We decided to stop by Kuusamo to buy food and some liquids that keep you warm on cold winter nights.

It was already getting late. Our stop in Kuusamo took longer than we thought, possibly because of the Easter holiday. The road we were driving on kept shrinking and the sky got darker and darker. Suddenly someone said something along the lines of “weird clouds moving over that bog over there”. Someone else just exhaustedly agreed from the back seat. 15 minutes later when we passed the next bigger open area the same person announced that these clouds are moving in a funny way. Instead of going straight in one direction as clouds usually do, these ones were wobbling a bit. At that point we decided to stop the car and look around more carefully. It was our first northern lights sighting. The moon had just risen and it was just dark enough for them to slowly and gradually appear over the sky. We didn’t feel tired anymore, even though we’d been sitting still in a car for over ten hours. We just ripped out our cameras and started shooting in pure excitement. We did our first northern lights shots and also our first mistakes when shooting, I’m going to talk about this a bit later.

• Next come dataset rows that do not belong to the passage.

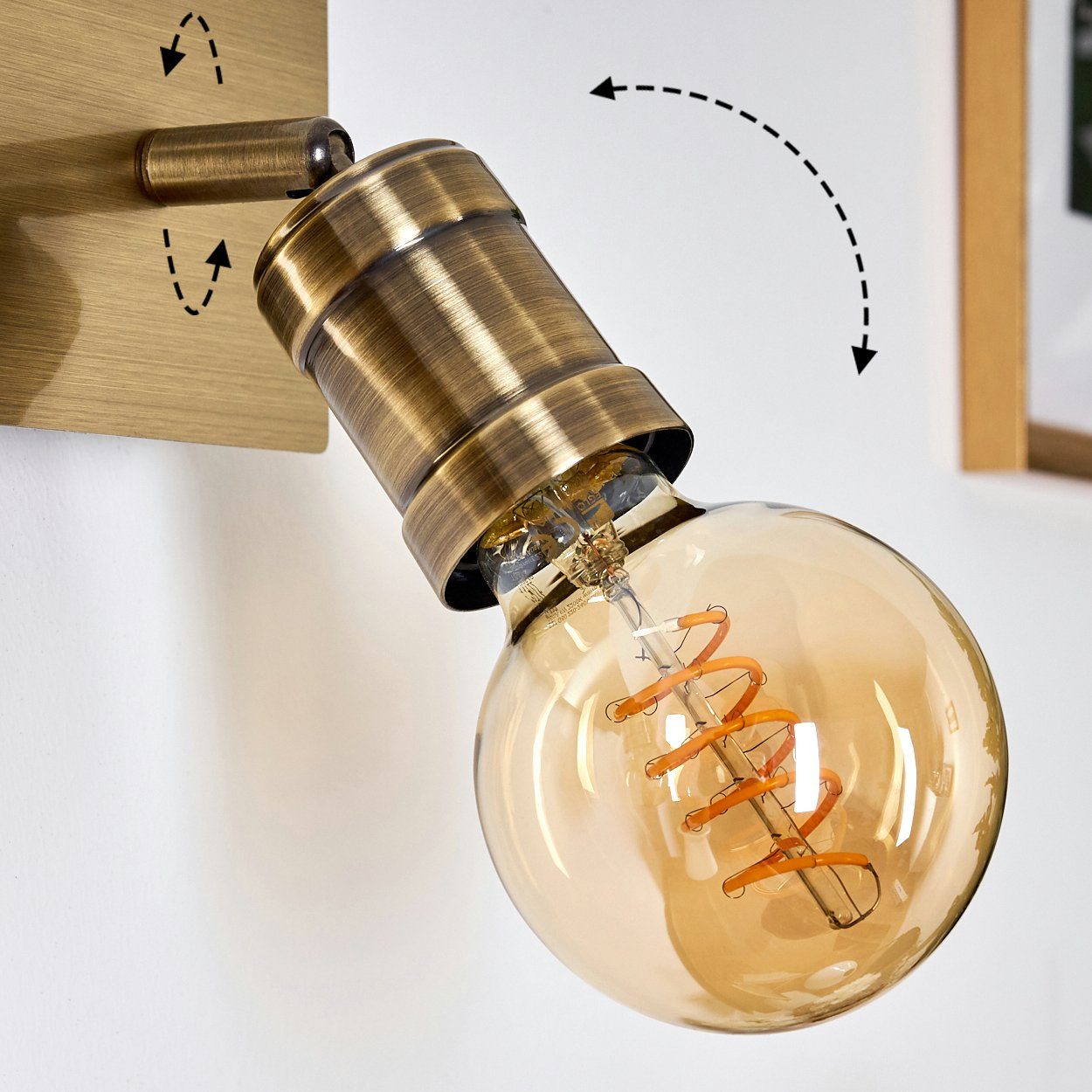 Wandlampe 2xE27, Metall Wandspot verstellbare Leuchtmittel, Wandleuchte aus hofstein in im Retro/Vintage-Design ohne »Anzo« Altmessing,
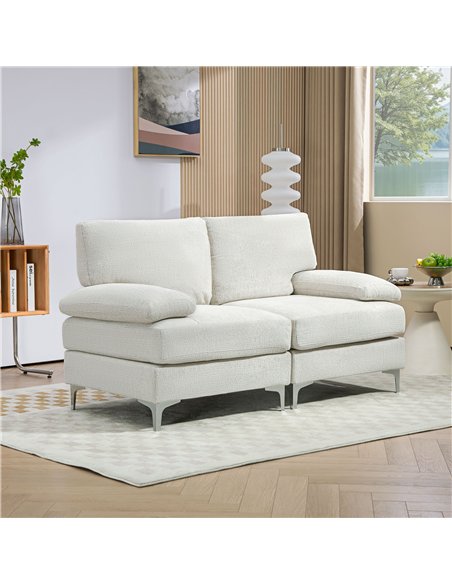 HOMCOM 2 Seater Sofa, Modern Fabric Loveseat with Spring Cushion and Metal Legs, Small Couch for Living Room, Bedroom, Home Offi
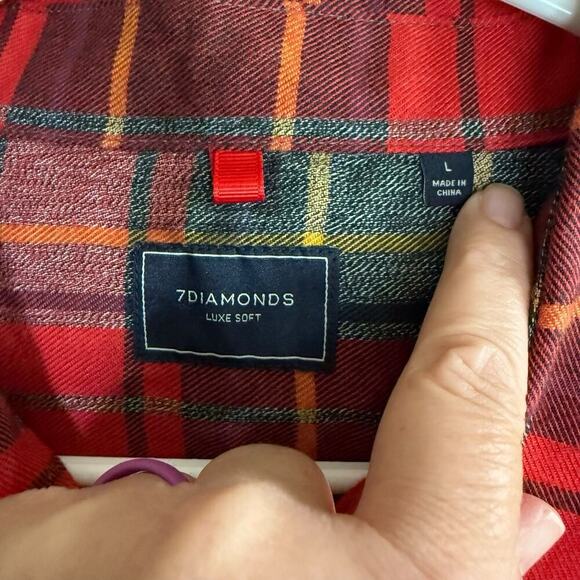7 Diamond Youngblood Mens Button Up Flannel Shirt Large L/S Red Preppy Prep - Picture 2 of 8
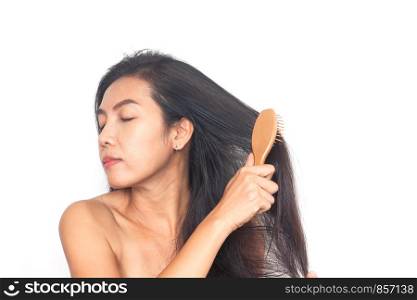 Beautiful of age 40+ Asian woman long black hair on white background. Health and surgery concept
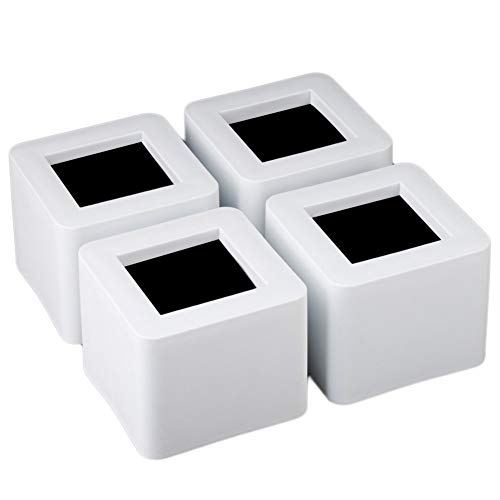 Uping テーブル・ ベッドの高さ調節が簡単にできる ベッド の高さをあげる足 4個セット 高さを上げる 高さ調節脚 こたつ 継足し 継ぎ足 テーブル脚台 高さ調整 暖房器具 (耐荷重1000kg) ホワイト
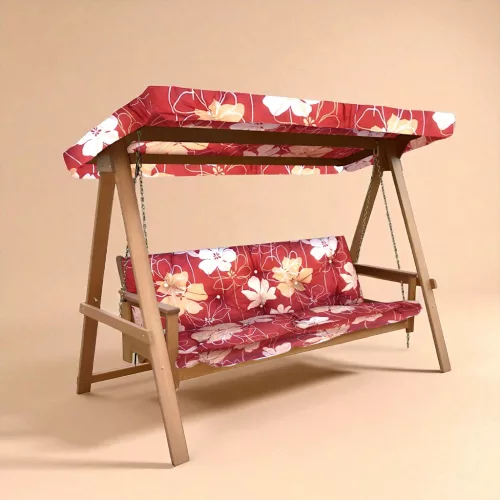 Hintaágy párna 170 cm 3 részes rózsavörös vanília virágos mintával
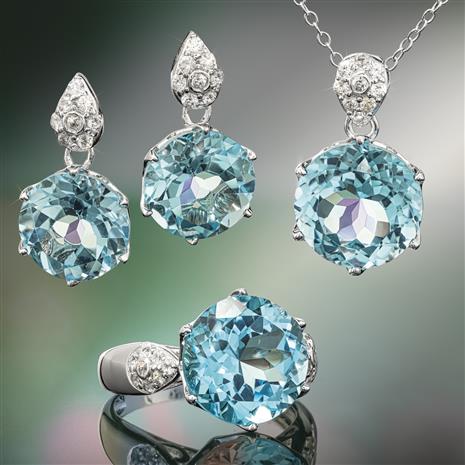 Another Round Blue Topaz Ring, Necklace and Earrings
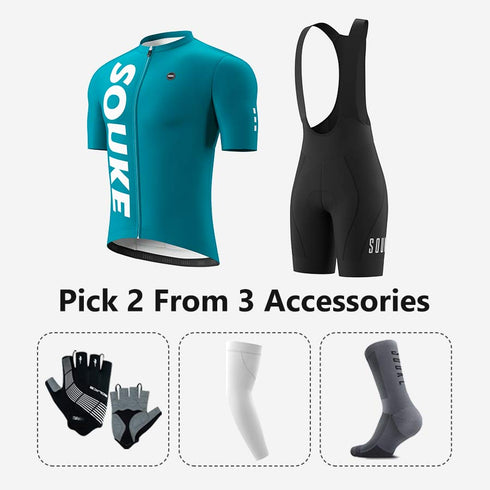 Jersey CS1123+ Bib Shorts BS1606 + Accessories - Souke Sports Cycling Set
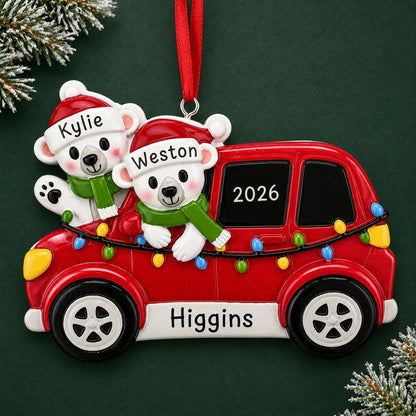 Personalized suv polar bear couple christmas ornament on a dark green pine background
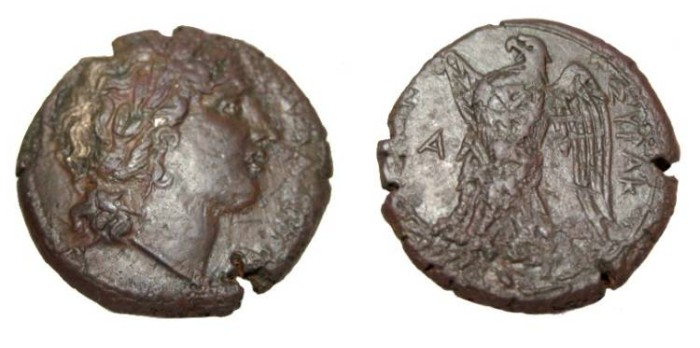 Ancient Coins - Hiketas 287-278 BC Sicily Syracuse AE22 CNS 172
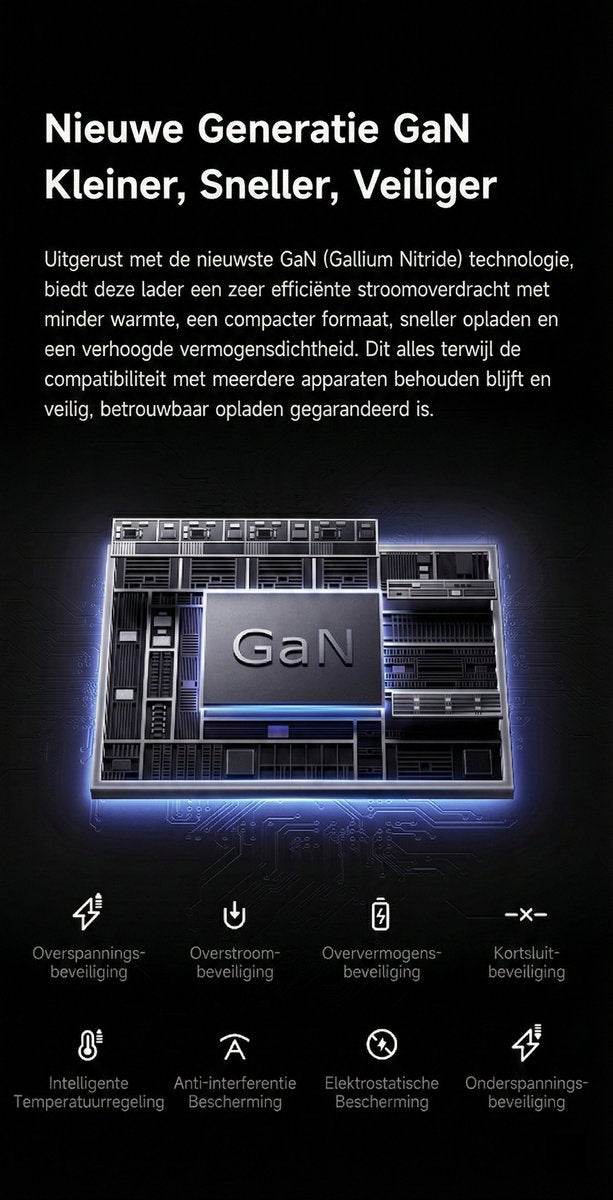 3in1 Oplader met Uittrekbare USB C Kabel - Snellader 35W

Another hour wasted and soon someone realized that if we don’t start moving soon again we wont get to Lokka before midnight. We still had to meet our contact person and get the key to the cabin we were going to rent.

We arrived in Lokka around midnight and found our cabin where the key was already waiting in the door. A nice small wooden house just beside the lake. We could almost shoot our timelapses directly from the porch if we wanted to. Even though the cabin was pretty small, it was well planned and I’m sure there could have easily fit double the amount of us. There was even a sauna and a roofed Laavu kind of building for barbecuing.
In the end that evening we didn’t manage to shoot any northern lights anymore. The sky had gotten cloudy and we were exhausted from all the driving, about 19 hours all in all. We just made a small dinner and tried out some Estonian magic potion before falling asleep.

Photo by Jonas Lemberg

The next morning it was sunny and about -25 degrees Celsius. As you might know it’s not possible to see northern lights in daytime so we went to explore the village and the surroundings instead. The first thing we noticed when we arrived to the village, it’s about 1km walk from the cabin, was that it was almost completely silent, not a single person could be spotted. Far away on the other side of the river a distant motor saw could be heard, but that was about it. We walked on the main road through the Village in hope to find our contact person’s home, which we found but nobody was at home. We continued and suddenly there was a pack of reindeer standing in front of us. It was the tame version of them but still quite a sight. Beautiful animals. On our way back to the cabin we finally met a human. He told us the reason why the village was more or less dead at the moment: a reindeer race was held in the neighbor village up north (around 130km away) and in the south neighbor city there was a festival dedicated to dry meat. He was a friendly guy who suggested that we should go and check those happenings out. It sure was a bit tempting, but we still came all the way up here for a mission, which was to film the northern lights. Until now we had only gotten some blurry underexposed stills.

At the main road

We decided to go back to our cabin and make some dinner. It’s interesting how much you need to eat when it’s this cold and you move around carrying equipment. After the dinner we tried to take a nap, it was going to be a long night.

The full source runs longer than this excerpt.